◆ **What this task involves**:
Your task is to restate word for word the lines of the listing below that start at the one containing "Antoni Kuliczkowski" and run to the end; please add nothing.

◆ **Supplied records**:
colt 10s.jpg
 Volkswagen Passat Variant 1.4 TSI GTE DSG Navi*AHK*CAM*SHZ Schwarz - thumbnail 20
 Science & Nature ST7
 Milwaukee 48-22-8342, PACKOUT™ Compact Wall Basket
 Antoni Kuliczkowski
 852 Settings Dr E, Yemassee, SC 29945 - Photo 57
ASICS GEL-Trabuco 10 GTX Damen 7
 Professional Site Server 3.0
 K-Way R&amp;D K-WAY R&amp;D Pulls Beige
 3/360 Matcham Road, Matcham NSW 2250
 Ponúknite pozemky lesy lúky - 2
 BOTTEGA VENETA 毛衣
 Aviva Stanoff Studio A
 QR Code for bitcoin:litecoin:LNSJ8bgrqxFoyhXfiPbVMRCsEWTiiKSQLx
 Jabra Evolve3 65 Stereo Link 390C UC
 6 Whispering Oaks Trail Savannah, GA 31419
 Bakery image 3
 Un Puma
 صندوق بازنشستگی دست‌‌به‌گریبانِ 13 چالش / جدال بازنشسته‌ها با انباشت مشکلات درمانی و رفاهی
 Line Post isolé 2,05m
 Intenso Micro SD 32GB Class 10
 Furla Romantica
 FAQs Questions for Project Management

◆ **Result**:
 Antoni Kuliczkowski
 852 Settings Dr E, Yemassee, SC 29945 - Photo 57
ASICS GEL-Trabuco 10 GTX Damen 7
 Professional Site Server 3.0
 K-Way R&amp;D K-WAY R&amp;D Pulls Beige
 3/360 Matcham Road, Matcham NSW 2250
 Ponúknite pozemky lesy lúky - 2
 BOTTEGA VENETA 毛衣
 Aviva Stanoff Studio A
 QR Code for bitcoin:litecoin:LNSJ8bgrqxFoyhXfiPbVMRCsEWTiiKSQLx
 Jabra Evolve3 65 Stereo Link 390C UC
 6 Whispering Oaks Trail Savannah, GA 31419
 Bakery image 3
 Un Puma
 صندوق بازنشستگی دست‌‌به‌گریبانِ 13 چالش / جدال بازنشسته‌ها با انباشت مشکلات درمانی و رفاهی
 Line Post isolé 2,05m
 Intenso Micro SD 32GB Class 10
 Furla Romantica
 FAQs Questions for Project Management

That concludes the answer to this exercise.